10 14 * * 1 /usr/bin/foo
Will run /usr/bin/foo at 2:10pm on every Monday.
There are more options for these. See man man crontab -S 5.
You must use crontab to load cron jobs into cron. First create a text file that uses the above rule to describe the cron job that you want to load into cron. But before you load it, type crontab -l to list any jobs that are currently loaded in crontab.
If none are listed, then it is safe to load your job. Example. If you wanted to run /usr/local/bin/foo once a day at 3:10am, then create a text file
10 3 * * * /usr/bin/foo
Save it as foo.cron. Then type crontab foo.cron. Check to see if it was loaded by typing crontab -l. It should display something like this:
# DO NOT EDIT THIS FILE - edit the master and reinstall.

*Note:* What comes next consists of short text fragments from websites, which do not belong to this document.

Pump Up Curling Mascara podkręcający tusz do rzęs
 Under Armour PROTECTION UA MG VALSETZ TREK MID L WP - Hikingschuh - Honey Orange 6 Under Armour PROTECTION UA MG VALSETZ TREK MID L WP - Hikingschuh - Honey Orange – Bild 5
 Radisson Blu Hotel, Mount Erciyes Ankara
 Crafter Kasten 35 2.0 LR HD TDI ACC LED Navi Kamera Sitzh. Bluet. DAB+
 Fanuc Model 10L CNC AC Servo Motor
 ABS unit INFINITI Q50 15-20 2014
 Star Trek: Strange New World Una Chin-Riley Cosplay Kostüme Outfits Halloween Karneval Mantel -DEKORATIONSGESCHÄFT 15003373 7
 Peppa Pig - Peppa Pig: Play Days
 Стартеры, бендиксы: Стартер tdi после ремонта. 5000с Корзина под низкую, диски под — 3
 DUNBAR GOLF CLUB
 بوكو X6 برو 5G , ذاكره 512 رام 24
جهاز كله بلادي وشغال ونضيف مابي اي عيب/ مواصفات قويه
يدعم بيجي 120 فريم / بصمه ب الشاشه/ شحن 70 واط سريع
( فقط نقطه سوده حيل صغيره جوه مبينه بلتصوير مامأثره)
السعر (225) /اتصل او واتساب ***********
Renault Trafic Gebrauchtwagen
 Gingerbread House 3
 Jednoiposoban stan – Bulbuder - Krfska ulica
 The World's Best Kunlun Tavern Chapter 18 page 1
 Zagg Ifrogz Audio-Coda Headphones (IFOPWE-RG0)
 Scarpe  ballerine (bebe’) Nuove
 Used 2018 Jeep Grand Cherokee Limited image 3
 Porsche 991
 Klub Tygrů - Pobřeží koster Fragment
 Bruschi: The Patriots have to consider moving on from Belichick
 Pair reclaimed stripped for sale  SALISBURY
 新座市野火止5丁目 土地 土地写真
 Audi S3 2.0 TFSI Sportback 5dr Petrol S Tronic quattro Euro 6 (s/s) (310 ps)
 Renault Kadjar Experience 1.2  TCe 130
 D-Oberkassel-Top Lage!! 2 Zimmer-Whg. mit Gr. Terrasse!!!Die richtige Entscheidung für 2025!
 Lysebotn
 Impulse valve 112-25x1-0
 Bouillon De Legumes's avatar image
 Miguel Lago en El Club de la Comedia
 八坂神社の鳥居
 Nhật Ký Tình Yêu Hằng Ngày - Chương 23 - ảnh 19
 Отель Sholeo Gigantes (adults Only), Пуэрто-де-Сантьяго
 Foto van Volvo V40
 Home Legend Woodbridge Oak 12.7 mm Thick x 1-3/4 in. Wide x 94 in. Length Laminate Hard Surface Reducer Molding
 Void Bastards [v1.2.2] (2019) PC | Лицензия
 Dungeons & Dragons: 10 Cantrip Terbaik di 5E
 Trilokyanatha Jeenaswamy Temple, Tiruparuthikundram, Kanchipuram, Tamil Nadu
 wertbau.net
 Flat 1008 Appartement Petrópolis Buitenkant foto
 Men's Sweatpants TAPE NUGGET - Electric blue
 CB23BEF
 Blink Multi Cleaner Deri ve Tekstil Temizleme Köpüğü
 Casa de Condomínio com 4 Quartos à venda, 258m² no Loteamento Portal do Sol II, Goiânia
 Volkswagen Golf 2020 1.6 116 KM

# (ipwatch.cron installed on Thu Nov 18 11:48:02 1999)
# (Cron version -- $Id: crontab.c,v 2.13 1994/01/17 03:20:37 vixie Exp $)
10 3 * * * /usr/bin/foo
If you want to edit the cron job, then edit foo.cron and then remove the existing cron job (crontab -r) and load it again (crontab foo.cron). You can have multiple jobs. Just put each different one on a seperate line in foo.cron.
contab jobs will run under the user that was in effect when you loaded the job in crontab.